Farm Progress

• This requirement will make it easier for the Office of the State Veterinarian to pin-point outbreaks and eradicate them while unaffected producers can carry on with business as usual.

February 18, 2011

2 Min Read

All breeding cattle 18 months of age and older that are offered for sale at Kentucky stockyards are required to be identified with the state veterinarian’s office effective Feb. 14, State Veterinarian Robert C. Stout has announced.

“When disease is identified in Kentucky cattle, it is important to identify affected and exposed animals as quickly as possible and with a minimum of cost and inconvenience to producers,” Dr. Stout said. “This requirement will make it easier for the Office of the State Veterinarian to pin-point outbreaks and eradicate them while unaffected producers can carry on with business as usual.”

Metal ear tags in the U.S. Department of Agriculture-approved state series are available at no charge to producers and may be obtained from the state veterinarian’s office or from a veterinarian. Official tags that are already in place are sufficient to satisfy the requirement. That includes the metal USDA-approved tags and RFID tags in the 840 series or stamped with the USDA shield.

Staffs of the state veterinarian’s office and the USDA area veterinarian’s office are working cooperatively with market veterinarians and stockyard management to implement the requirement.
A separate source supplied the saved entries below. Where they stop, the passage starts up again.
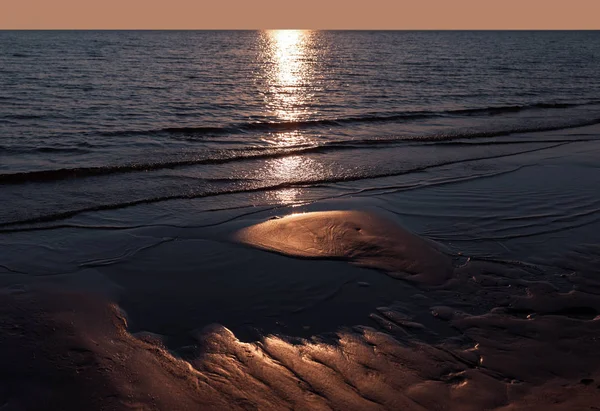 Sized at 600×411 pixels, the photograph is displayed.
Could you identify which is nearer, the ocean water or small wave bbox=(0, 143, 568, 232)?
small wave bbox=(0, 143, 568, 232)

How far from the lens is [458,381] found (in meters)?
4.80

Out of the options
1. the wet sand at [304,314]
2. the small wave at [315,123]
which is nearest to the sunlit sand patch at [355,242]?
the wet sand at [304,314]

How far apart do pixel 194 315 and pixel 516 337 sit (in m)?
3.47

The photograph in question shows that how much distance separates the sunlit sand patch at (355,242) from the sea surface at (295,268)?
42 mm

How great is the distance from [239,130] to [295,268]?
11.7 meters

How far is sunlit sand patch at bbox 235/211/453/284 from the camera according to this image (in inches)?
287

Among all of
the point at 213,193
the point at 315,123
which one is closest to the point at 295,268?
the point at 213,193

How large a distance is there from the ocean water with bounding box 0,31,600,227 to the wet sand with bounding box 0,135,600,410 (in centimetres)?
253

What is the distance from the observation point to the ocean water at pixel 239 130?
38.6 ft

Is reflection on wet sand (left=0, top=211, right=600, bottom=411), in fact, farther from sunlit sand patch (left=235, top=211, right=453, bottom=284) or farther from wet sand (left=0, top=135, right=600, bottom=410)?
sunlit sand patch (left=235, top=211, right=453, bottom=284)

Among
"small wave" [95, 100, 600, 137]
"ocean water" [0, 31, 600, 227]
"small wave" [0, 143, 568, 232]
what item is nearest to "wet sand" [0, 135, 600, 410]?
"small wave" [0, 143, 568, 232]

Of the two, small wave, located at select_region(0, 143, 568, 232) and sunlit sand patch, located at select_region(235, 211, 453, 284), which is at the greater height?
small wave, located at select_region(0, 143, 568, 232)

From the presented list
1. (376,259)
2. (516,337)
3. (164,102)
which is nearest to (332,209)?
(376,259)

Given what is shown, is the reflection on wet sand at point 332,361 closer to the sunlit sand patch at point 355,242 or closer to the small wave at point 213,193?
the sunlit sand patch at point 355,242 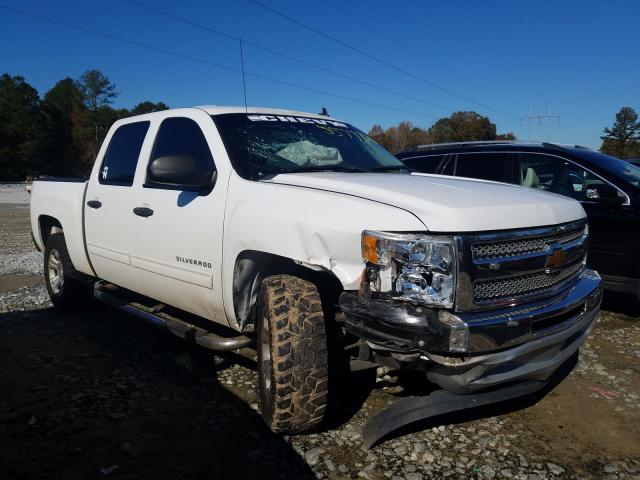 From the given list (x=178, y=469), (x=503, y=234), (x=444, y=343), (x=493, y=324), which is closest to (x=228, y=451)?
(x=178, y=469)

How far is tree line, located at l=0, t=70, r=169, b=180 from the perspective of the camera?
56.4 meters

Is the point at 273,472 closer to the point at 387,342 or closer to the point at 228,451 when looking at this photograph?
the point at 228,451

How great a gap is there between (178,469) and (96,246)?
2647 millimetres

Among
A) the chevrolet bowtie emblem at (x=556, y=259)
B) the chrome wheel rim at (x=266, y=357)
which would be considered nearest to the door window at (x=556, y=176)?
the chevrolet bowtie emblem at (x=556, y=259)

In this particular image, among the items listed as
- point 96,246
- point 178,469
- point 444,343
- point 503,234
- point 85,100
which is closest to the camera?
point 444,343

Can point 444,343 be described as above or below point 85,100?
→ below

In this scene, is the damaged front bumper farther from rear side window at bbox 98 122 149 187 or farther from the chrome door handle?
rear side window at bbox 98 122 149 187

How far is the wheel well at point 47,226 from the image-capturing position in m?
5.67

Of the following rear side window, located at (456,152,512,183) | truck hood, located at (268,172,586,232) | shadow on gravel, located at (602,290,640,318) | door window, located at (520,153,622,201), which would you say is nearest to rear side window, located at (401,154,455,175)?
rear side window, located at (456,152,512,183)

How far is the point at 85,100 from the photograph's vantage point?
7669 centimetres

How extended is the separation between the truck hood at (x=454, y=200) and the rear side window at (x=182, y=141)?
71 centimetres

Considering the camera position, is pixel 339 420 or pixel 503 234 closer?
pixel 503 234

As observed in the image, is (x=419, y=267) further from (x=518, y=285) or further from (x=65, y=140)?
(x=65, y=140)

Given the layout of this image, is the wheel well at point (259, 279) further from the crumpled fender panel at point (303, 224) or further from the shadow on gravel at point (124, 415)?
the shadow on gravel at point (124, 415) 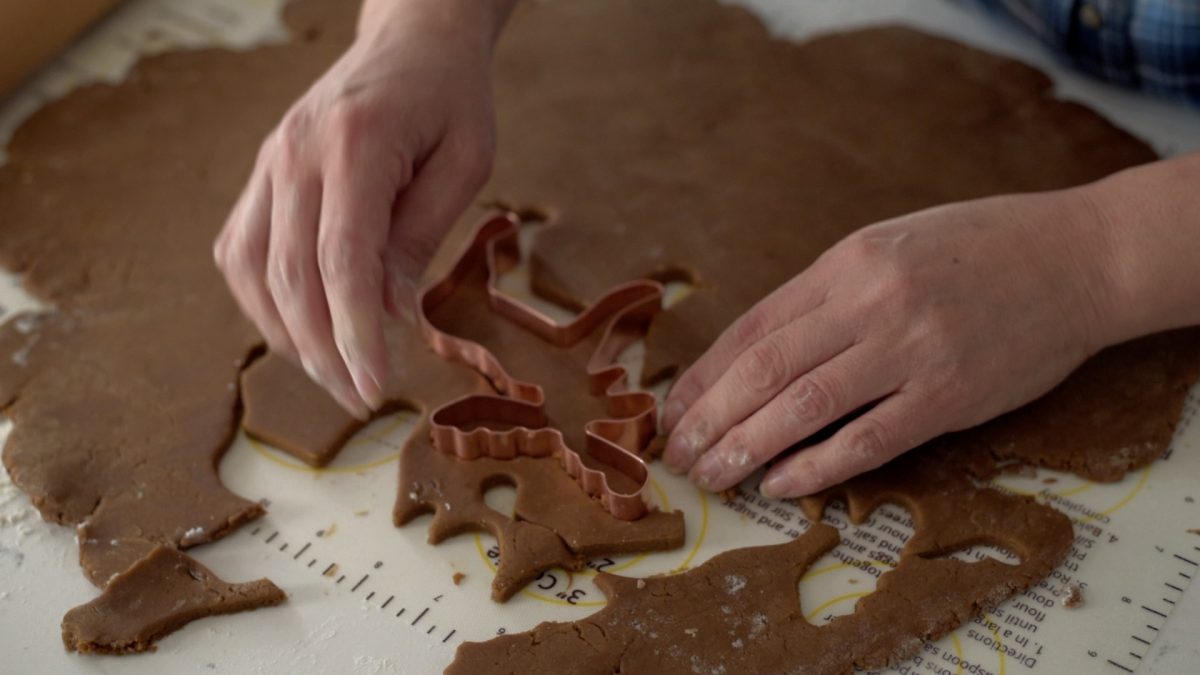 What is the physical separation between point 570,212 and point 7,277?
2.79 feet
The state veterinarian’s office acted in advance of federal traceability requirements for interstate movement of livestock that are expected to be published this spring.

About 150,000 breeding cattle 18 months of age and older (also known as “head cattle”) pass through Kentucky stockyards every year.

Two beef cattle in a Fleming County herd tested positive for bovine tuberculosis in May 2010, the first cases in Kentucky since 1981.

In South Korea, more than 3 million animals have been culled to contain an outbreak of foot-and-mouth disease. A disease of cattle and other cloven-hooved animals, FMD has not been identified in the United States since 1929 but is highly contagious and easily transmissible.

The state veterinarian’s office is authorized to impose the requirement under state regulation 302 KAR 20:070, section 2(6).